If there's one thing this team needed it was someone who could change the defensive scheme and mentality. I'm not someone to generally overrate a coordinator's impact on a unit's effectiveness, but defensive coordinators can sometime's make sweeping defensive improvements with only modest personnel changes (see Williams, Gregg or Capers, Dom). Instead we get the only person somehow More likely to do exactly what Lovie wants on defense than Lovie himself. This is going to suck. All offseason we heard (and I swallowed that bullshit the same as you did), that Marinelli just hadn't been prepared to go from a defensive line coach to a head coach, and that putting him back into the very-specific job that he'd been so effective in would work wonders for him and the team. The defensive line was still absolute shit, so Marinelli got a promotion. Fuck my life.

3. Gaines Adams is dead- I don't wish to make light of this story by making it about football, and that's probably why I didn't post much when it happened. A 26 year old kid is dead and it doesn't get much sadder than that. Obviously we barely knew him, and who knows what might have happened in the future had he been able to start for the team next year like they intended. There's no denying, however, that his death puts the team in even more of a bind regarding their plans for free agency and what few draft picks they have left. Ogunleye is a potential free agent, and he's going to want a raise, even though he doesn't deserve it, in order to re-sign with the team. They can either pay him more to continue his decline or they can take a chance on starting a third round draft pick at defensive end, even though that pick would be better used on an offensive lineman. This just sucks no matter which way you look at it.

4. There are no draft picks, the offensive line sucks, the defensive line sucks, the secondary sucks, the linebacker corps is mediocre at best, oh god damnit they're looking at signing Torry Holt? - Oh God. Why did I come back? I'm not fucking ready for this shit.

Monday, February 8, 2010

Monday, February 1, 2010

Mike Martz Would Utterly Freaking Destroy Jay Cutler



UPDATE: They did it. They finally really did it. YOU MANIACS! YOU HIRED MIKE MARTZ! Ah, damn you! DAMN YOU ALL TO HELL!

A couple days ago a rumor posted briefly over at Bleacher Report stated that Mike Martz would be the next offensive coordinator for the Bears, and frankly, I shit my pants. Why? Well, Mike Martz would absolutely be the end of Jay Cutler's career. I'm not the only person saying this, his own former GM in St. Louis, Charlie Armey, has said the very same thing in recent days. Why, exactly, Martz would ruin Cutler may take some time to explain. I'm willing to give it a shot, so here's why Mike Martz' offense is a terrible, terrible thing to throw Jay Cutler into:



1. Schematically, it's very similar to Ron Turner's offense- The Martz scheme and Turner's offense were both variants of the Air Coryell offense. Granted, Turner puts the emphasis on the run game and Martz focuses on the pass, but the terminology and the routes are all very similar. If Jay truly dislikes the scheme, than that's a bad move to begin with.
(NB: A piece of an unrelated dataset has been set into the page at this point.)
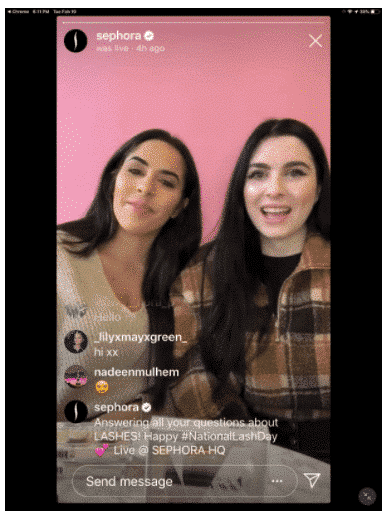 Sephora Instagram live stream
2. Jay Cutler would get pummeled into oblivion, and probably die on the field- The Bears offensive line absolutely fucking sucks. No one denies this fact. You know who didn't have a bad offensive line? The Rams, from 1999-2005. They had the young, good Orlando Pace, as well as a young Fred Miller and several other quality players over the years. Yet they still gave up an average of 43 sacks a year. Martz' Detroit teams gave up 114 sacks in two years under Martz' direction, despite the fact that the Lions had given up just 31 sacks the year before Martz took over, and his 2008 49ers squad gave up a whopping 55 sacks. All in all that's an average of 42.8 sacks per year. The Bears gave up 35 sacks this year, and that seemed awful to all of us.



Why is it that Martz' teams give up such a ludicrous number of sacks each year despite the relatively high quality of his offensive lines? Because Martz' emphasis on throwing deep at all costs frequently encourages his quarterbacks to hold onto the ball and get hammered. Given the terrible suckitude of the Bears offensive line, I don't see any possibility of Cutler getting sacked fewer than 50 or 60 times in a Martz led offense, assuming he's standing long enough to take that many hits.



3. No, seriously, Jay Cutler would die- In 10 seasons as an offensive coordinator or Head Coach/Offensive Coordinator, Martz has had a quarterback start all 16 games in a season just 4 times (ironically, one of those 16 game starters was Kurt Warner in 1999, who had to take over after the original starter, Trent Green, was sacked and broke his leg in a preseason game). Broken down:



1999- Kurt Warner- 16 games started, 29 sacks (not too bad)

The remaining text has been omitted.